Thirdly, not only does the AIJA downplay the importance of this most basic of requirements, but it offers only a vague alternative which is really a formula for appointing judges who will be social reformers. I want judges to apply the law and if the law is to be changed, I want those changes to be made by the elected representatives of the people, not by unelected progressive zealots.

What, then, is this wider concept of merit? Here, we come to the new wish list of criteria, the nitty-gritty for appointment as a judge. Top of the list is the need for ‘diversity’. Judges from now on must be ‘diverse’. As the present system has given us ‘a judiciary lacking diversity’, what we are told we need is diversity in judges. Why? Because we must have ‘a diverse judiciary’ that reflects ‘the diversity of Australian society’.

The strange thing is that, important as it apparently is, we are not given a definition of ‘diverse’, so it could mean anything. It is stranger still, when we are then told that even without a definition, diversity is ‘significant’ and even stranger that, although significant, diversity ‘cannot be articulated in criteria applicable to individuals’.

We are left, then, with  a vague requirement for diversity which can only mean diversity in the sense in which the word is actually used today, being diversity of race, class, gender or any number of personal proclivities.

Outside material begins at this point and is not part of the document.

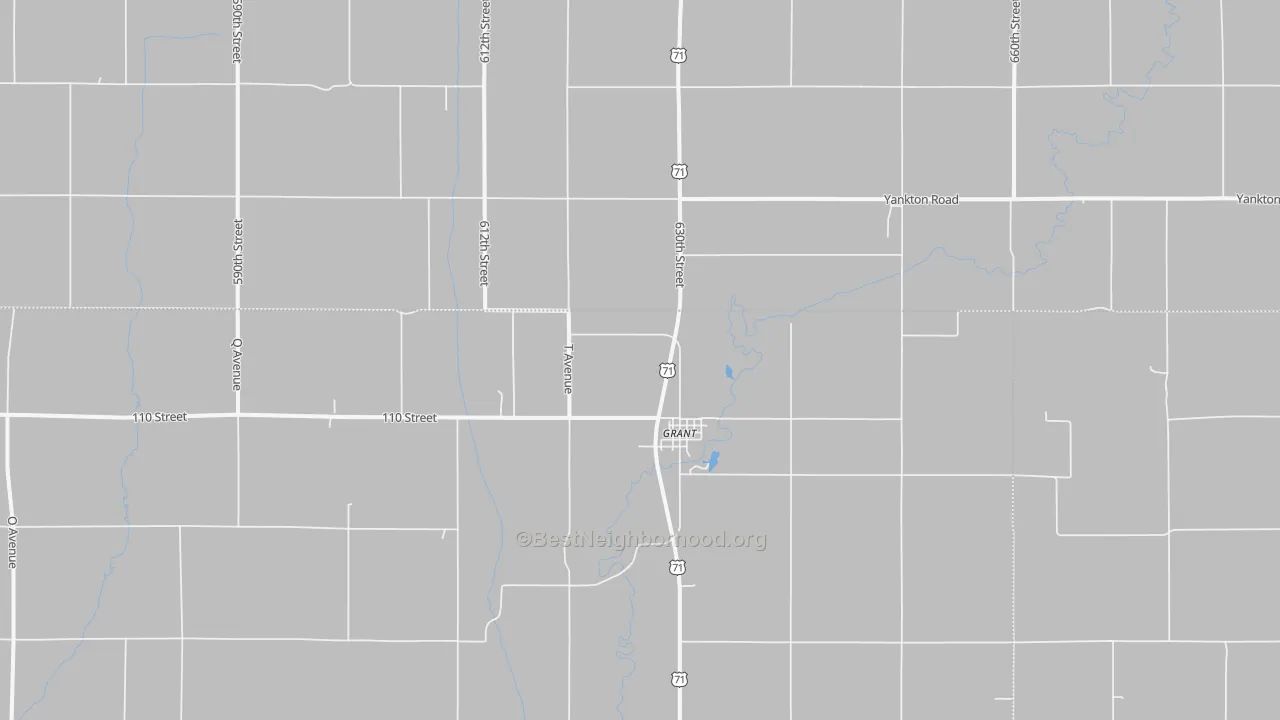 Walk Grade map of Grant, IA, walkable areas in green and car-dependent areas in red
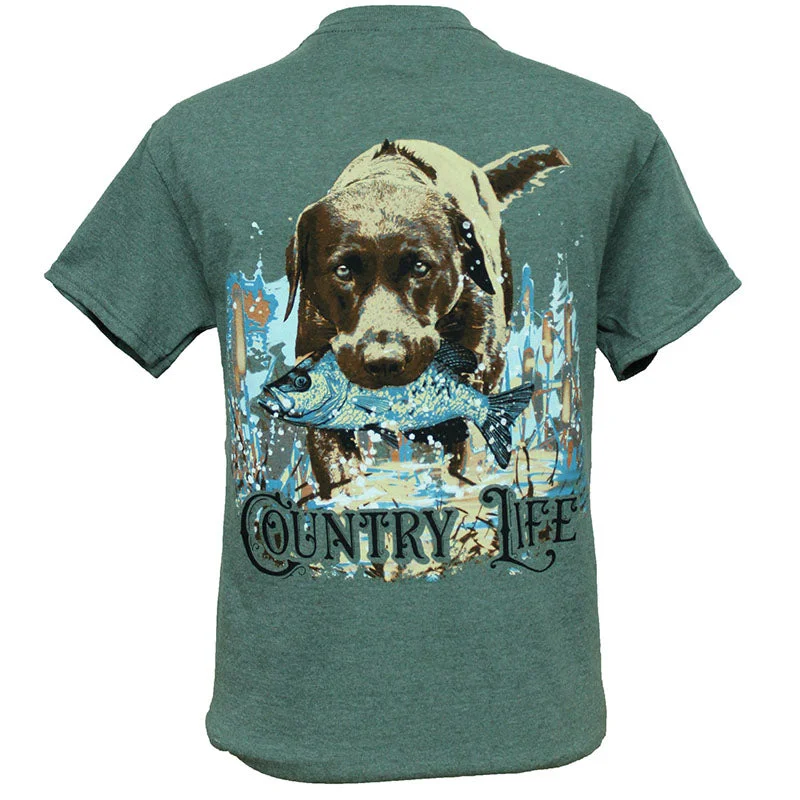 affordable summer short sleeve shirts for men -Country Life Outfitters Fishing Dog Unisex Green T-Shirt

At best, the AIJA gives us a few clues on the alleged attributes of good judges to be found in the world of diversity. So, we are told that ‘emotion awareness’ is in. So also are ‘cultural awareness’, ‘recognising social disadvantage and equity’, ‘adapting to change, especially social change’, using social media, managing your emotions and ‘the feelings of others’ and, again, ‘emotion management skills and cultural awareness’. You will probably find no shortage of feel-good judges with all of these qualities who are in touch with their inner feelings. But they will not be impartial and dispassionate judges above the fray of public debate as they should be and applying the law without fear or favour. If we abandon traditional merit and replace it with the vaguest concept of diversity and all it implies, we will be opening the door to damaging the judiciary and, with it, yet another institution. But then, perhaps, marching through another institution is the real objective of those behind campaigns of this sort.

Until someone can articulate a better system, leave well alone.